Tuesday, April 28, 2009

Australia Has Been Invaded

By Darryl Mason

Today, there is a new, triple influenza virus, of which little is known, circulating in Australia. Just as we move into winter and closer to the peak of Australia's flu season, another flu virus has come to join the annual influenza party inside us.

So how do you know if the influenza you have is the new one, or just one of the old ones? You don't, until you're tested. Apparently, the symptoms of infection from the strange new influenza virus, and the human flu viruses of recent years, are all but exactly the same. You get aches, you feel like puking, you can't hold down food, your nose runs, you sneeze, you spend more time on, or with your head in, the toilet than you do in bed.

What is known is that the new influenza virus is an unnatural, never-before-seen brew of genes from human influenza, avian influenza and swine influenza. Human to human transmission of the new triple influenza virus appears to be happening faster, and easier, than with bird flu outbreaks in Indonesia in 2007 (our most recent brush with pandemic influenza), though it doesn't yet appear to be as fatal, as bird flu proved to be, for those who become infected.

However, this effect of fast, widespread infection, but lower overall mortality, may make the possibility of a pandemic more, not less, likely.

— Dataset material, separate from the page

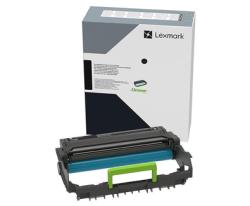 Lexmark Tonerkartusche in grauer Verpackung. Die Kartusche hat einen grünen Griff und eine blaue Rolle. Verpackung mit technischen Informationen.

It is not in the interest of a virus to kill its host quickly, the virus wants to spread, to invade other cells, to find new hosts, to mix with other genes, to grow, to super-strength its rapid evolution, to perfect itself, to move on.

Even though fewer who are infected may die from the virus, the death toll is likely to be higher, as a prolonged human incubation, with few or no signs of possible infection for days, or a week, will allow the virus to spread itself farther through the human population.

If the pandemic mortality rate for human infections by the Human-Bird-Pig Flu virus is only 1-2%, the death toll for a hundred thousand Australians sickened by the virus would be a few thousand. But if the new virus is highly infectious, kills fewer of those it infects initially, but spreads fast across the population, we may see millions catch the virus over the longer exposure time, with tens of thousands killed.

If we are heading into a pandemic, it is likely it will unfold over many months, or more than a year. New influenza viruses rarely appear, and then quickly disappear again. They hang around, they spread and mutate, searching for the best combination of genes from its hosts to evolve further, they come and go from our bodies like once-a-year hotel guests.

The closest influenza virus that some virologists believe this new virus will be eventually matched to is the 'Spanish Flu' pandemic influenza of 1918, which killed its tens of millions of victims around the world in waves, a few months apart, each wave of the pandemic lasting two to five, or more, weeks. This kept the 'Spanish Flu' virus in circulation across the planet for more than 14 months, or longer. The longer it survived, the more it infected, and the more people it eventually killed.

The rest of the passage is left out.